Herinner je die gesprekken waarin de ander gewoon niet wil toegeven?
Je kent het wel:
- Jouw baas die koste wat kost wil bewijzen dat hij of zij het beter weet.
- Een klant die blijft volhouden over wie er die dag fout zat (en ja, dat zou jij zijn).
- De collega’s die meer energie steken in het verdedigen van hun project dan in het project zelf…
We’ve all been in situations where someone simply must prove their expertise or worth. They rarely end well, leading mostly to arguments, disagreements, and other unpleasant conflicts in the workplace.
En laten we eerlijk zijn: dit alles omdat iemand gelijk moet hebben!
Het is frustrerend, vermoeiend en soms zelfs kwetsend. Maar waarom doen mensen het eigenlijk?
As unexpected as it might be, it often comes down to insecurity. Proving that we are “right” about something can be a way to make us feel better when we are worried; about our perceived competence, our expertise, our experience…and the list goes on and on.
These concerns tend to bubble up most frequently when we’re under strain.

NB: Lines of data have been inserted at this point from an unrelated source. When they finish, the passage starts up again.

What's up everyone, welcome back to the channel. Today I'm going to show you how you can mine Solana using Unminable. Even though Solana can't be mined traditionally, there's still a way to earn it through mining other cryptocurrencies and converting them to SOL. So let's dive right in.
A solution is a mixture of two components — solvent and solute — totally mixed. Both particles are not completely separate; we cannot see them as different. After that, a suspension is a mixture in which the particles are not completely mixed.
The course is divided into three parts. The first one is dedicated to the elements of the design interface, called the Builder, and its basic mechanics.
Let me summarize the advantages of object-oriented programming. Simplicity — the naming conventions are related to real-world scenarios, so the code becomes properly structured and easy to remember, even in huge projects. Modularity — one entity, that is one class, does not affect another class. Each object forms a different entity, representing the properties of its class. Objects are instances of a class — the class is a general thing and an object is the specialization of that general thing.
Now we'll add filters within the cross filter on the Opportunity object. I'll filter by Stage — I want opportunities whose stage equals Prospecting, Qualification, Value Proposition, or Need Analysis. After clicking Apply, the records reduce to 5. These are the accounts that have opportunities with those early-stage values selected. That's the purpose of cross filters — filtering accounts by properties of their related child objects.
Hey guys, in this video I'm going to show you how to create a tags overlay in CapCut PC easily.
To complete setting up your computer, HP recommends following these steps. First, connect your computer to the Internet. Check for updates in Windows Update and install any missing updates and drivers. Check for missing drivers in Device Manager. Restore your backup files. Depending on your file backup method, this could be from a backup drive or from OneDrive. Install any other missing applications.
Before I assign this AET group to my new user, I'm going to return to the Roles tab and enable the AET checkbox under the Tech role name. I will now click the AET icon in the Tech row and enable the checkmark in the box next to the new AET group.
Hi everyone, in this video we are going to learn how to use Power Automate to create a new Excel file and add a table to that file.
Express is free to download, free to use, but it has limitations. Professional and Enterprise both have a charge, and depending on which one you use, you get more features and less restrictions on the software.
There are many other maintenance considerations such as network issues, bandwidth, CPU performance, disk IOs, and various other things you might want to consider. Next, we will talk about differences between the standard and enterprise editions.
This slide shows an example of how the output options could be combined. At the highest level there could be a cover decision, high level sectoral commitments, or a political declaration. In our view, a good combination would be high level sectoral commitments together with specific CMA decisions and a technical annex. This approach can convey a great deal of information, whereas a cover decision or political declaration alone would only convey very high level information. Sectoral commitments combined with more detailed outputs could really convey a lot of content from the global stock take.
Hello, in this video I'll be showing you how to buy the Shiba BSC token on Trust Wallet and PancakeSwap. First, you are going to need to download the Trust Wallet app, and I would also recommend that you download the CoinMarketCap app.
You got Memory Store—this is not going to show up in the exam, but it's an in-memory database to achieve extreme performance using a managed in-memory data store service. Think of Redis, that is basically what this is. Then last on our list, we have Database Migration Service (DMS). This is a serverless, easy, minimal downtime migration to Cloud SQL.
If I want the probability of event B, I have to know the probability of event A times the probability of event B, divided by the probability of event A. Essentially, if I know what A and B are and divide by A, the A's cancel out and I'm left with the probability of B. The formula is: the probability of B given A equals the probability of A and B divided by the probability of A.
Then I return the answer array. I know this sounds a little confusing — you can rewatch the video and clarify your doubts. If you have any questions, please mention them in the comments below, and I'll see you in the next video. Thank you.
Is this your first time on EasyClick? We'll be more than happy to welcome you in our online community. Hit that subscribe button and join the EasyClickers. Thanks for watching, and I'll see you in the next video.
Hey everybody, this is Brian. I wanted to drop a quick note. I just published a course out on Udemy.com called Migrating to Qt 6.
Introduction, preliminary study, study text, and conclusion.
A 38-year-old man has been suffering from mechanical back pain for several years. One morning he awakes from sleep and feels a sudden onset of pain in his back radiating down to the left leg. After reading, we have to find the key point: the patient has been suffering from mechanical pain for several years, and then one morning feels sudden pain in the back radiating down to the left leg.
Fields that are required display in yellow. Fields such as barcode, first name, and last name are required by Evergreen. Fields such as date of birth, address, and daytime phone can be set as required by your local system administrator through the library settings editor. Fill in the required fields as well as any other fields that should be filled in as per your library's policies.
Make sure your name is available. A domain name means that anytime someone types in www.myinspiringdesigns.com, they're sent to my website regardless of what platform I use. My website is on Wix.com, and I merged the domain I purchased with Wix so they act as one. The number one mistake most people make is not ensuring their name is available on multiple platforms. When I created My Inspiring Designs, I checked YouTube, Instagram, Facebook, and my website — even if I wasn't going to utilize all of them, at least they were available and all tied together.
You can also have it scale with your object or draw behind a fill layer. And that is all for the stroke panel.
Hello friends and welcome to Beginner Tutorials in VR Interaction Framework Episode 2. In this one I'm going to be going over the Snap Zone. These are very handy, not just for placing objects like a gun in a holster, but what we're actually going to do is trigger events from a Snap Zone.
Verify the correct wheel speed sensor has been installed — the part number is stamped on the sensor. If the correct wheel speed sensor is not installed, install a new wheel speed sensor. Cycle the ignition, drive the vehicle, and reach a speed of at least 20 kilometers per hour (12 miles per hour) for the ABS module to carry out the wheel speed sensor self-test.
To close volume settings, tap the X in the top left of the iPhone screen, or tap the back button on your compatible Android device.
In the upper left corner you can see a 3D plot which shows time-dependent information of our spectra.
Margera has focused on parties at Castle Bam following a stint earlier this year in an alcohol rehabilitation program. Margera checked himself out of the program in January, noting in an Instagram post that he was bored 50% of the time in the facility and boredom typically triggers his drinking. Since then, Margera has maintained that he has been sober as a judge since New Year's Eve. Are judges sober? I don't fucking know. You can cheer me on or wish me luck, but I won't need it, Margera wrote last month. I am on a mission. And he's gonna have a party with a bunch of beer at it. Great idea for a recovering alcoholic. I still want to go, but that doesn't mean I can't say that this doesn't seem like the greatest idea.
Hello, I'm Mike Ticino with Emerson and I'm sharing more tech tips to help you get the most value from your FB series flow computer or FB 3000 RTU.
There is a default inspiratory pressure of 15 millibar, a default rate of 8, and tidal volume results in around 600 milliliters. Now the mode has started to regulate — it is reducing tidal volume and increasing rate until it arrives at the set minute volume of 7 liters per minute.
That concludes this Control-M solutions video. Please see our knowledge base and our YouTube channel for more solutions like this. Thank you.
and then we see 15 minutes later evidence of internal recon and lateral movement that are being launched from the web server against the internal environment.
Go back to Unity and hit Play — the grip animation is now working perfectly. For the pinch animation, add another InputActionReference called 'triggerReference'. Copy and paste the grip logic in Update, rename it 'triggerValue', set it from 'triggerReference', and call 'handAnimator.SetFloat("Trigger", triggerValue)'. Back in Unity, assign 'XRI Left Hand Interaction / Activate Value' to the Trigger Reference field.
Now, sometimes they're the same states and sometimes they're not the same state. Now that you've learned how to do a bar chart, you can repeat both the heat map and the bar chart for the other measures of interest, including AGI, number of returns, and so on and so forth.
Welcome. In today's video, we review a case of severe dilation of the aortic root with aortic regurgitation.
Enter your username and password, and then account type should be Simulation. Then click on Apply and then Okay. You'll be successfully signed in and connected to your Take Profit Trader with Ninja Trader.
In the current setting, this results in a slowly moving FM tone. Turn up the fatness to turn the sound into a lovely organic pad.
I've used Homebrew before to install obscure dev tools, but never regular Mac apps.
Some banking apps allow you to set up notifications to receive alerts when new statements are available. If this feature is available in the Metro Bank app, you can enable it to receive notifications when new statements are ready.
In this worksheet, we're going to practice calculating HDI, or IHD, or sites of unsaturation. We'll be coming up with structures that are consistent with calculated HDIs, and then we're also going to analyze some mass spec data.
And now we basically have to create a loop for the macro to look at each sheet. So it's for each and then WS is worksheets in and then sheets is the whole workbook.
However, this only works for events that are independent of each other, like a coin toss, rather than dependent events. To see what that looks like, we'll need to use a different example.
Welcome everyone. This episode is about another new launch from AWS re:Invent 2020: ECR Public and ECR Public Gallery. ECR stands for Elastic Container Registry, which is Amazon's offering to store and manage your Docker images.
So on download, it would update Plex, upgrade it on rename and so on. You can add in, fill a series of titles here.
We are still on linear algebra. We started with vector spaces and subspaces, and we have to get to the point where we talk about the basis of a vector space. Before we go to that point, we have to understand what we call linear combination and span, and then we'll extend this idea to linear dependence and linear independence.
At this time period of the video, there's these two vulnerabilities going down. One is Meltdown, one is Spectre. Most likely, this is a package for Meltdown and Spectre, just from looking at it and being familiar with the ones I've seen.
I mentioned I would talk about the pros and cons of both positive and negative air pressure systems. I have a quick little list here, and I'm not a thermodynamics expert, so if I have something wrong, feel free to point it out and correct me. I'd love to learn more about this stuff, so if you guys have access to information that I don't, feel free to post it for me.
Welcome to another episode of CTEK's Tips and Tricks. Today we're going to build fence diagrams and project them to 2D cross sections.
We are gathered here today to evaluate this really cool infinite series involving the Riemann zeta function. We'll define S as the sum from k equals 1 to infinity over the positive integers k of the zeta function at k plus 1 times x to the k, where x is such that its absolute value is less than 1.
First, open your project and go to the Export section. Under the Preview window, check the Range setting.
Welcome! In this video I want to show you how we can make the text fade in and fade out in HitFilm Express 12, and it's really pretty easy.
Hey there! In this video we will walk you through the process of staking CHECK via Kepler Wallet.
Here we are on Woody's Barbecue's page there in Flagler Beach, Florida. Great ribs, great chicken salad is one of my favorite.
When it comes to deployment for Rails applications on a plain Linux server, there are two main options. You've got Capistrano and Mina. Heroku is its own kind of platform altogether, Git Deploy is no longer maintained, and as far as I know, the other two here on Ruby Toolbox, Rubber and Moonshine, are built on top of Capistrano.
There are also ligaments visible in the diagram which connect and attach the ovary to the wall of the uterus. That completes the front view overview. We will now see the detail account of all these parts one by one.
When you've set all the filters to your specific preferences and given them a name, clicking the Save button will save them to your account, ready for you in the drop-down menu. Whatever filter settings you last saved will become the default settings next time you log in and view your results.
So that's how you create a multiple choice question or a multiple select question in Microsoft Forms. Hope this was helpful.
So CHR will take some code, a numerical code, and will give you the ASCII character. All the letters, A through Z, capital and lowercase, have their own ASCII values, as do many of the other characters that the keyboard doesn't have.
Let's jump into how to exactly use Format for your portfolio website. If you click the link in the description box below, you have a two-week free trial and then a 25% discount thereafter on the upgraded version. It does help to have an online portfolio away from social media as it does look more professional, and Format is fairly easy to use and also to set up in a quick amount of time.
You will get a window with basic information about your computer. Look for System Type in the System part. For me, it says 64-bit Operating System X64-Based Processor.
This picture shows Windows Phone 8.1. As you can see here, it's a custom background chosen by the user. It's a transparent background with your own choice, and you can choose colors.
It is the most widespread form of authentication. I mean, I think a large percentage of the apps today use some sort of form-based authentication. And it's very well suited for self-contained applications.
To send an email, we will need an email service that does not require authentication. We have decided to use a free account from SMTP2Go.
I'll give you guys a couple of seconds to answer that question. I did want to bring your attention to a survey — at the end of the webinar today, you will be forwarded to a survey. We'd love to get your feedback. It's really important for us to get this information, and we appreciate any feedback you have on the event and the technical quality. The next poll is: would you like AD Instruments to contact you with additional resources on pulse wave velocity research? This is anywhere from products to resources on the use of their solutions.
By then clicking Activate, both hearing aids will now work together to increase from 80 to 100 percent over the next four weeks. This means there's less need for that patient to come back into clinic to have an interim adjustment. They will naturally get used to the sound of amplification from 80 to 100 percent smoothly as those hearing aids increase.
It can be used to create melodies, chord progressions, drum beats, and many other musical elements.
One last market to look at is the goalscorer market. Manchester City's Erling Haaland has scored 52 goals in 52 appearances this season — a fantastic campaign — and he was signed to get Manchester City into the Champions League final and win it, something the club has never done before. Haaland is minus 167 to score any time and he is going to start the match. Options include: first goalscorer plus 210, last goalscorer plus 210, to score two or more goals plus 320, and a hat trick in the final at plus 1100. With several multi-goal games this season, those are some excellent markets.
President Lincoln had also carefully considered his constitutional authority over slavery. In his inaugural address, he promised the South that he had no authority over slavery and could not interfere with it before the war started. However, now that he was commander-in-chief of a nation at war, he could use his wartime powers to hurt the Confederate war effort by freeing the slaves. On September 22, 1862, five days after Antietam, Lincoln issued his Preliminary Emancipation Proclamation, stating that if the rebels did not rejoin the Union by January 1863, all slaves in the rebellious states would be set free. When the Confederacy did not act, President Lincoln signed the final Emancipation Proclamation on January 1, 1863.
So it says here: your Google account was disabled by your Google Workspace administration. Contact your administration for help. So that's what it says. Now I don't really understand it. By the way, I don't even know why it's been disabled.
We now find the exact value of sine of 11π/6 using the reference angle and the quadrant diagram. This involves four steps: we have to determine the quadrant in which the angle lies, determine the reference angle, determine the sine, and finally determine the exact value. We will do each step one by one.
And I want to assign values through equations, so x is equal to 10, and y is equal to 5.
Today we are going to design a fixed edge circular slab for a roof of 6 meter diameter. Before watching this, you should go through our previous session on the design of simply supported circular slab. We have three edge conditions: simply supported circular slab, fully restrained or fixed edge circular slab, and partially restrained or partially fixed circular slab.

So if you guessed it, you’re correct—wanting to be right all the time is usually a stress reaction!
What Drives The Need To Be Right?
What makes people act this way, you might be wondering?
Quite some research has been done into this topic, and it comes down to our thoughts when we are stressed.
Psychological studies have highlighted the link between increased stress, more rigid thinking, and a greater perceived need to defend our beliefs and views. We feel less confident at times like these, especially about our capabilities and decisions.
This translates into a drive to be viewed as “right” or “justified” by others, which provides us with some validation and makes us act in specific ways. Like arguing over our ideas, refusing to shoulder the blame—you get the gist!
While the different manifestations of this need will vary between people and situations, stress and insecurity remain at the heart of this reaction. When we learn to see it as a warning sign of stress rather than plain old disagreeability, we can take steps to better manage the pressures on us.
For this reason, Wanting To Be Right can be a very useful Stress! Coaching Card.
3 Tips to Change Your Attitude
These mindset and self-reflection tips will help you identify what’s causing your “I’m Right!” behavior and turn it around for the better.
1. Unearth The Real Cause
Are you finding it hard to drop the subject unless everyone sees things your way? Whether you’re trying to justify your rationale, highlight your intelligence, or prove your innocence (!), it’s worth finding the source of your behavior.
This tip is about pausing to think—why do you want to fix or contradict something? Can you even come up with a reason?
When fighting an (often pointless) battle, stop and take note of your attitude. Schedule some time to think back on your past conversations and ask yourself a few self-reflective questions:
- Did I “need to be right” today?
- What stressors might have caused my behavior?
I suggest taking two minutes at the end of every workday for this exercise. The sooner you let go of your justifications, the sooner you’ll stop feeling that urge.
2. Focus On What’s Right!
Needing to be right is very much about negativity bias: we’re so fixated on what’s “wrong” about a situation that it seems impossible to drop our stance.
Turning this around takes some cognitive effort—look for what’s right instead, and you’ll find fewer opportunities to pick a fight or hold your ground.
Here are a few useful pointers to help you:
- Change your focus from winning to understanding: What do you and the other party agree on? What value have you both brought to the discussion? How can you build on those positives?
- Try to see things from your conversation partner’s perspective: Ask questions to unpack their arguments, listen actively when they speak, and try to really step into their shoes.
3. Reframe Your Thinking
Successfully managing a cognitive stress reaction is all about changing your mindset, so my third tip is to reframe your perspective.
If you’ve acknowledged that you’re the one who simply needs to be right, try changing how you look at disagreements. This is rather like a growth mindset mentality: try viewing disagreements as personal growth opportunities rather than a threat to your self-esteem.
By adopting this mindset, your goal will become learning rather than winning discussions. You’ll become more open to fresh ideas and ways of seeing things, which leads to more productive, positive conversations.
The less focused you are on “victory,” the less defensive (and annoying!) you’ll become. You’ll probably find that this does wonders for your relationships, and the outcomes of your conflicts will improve.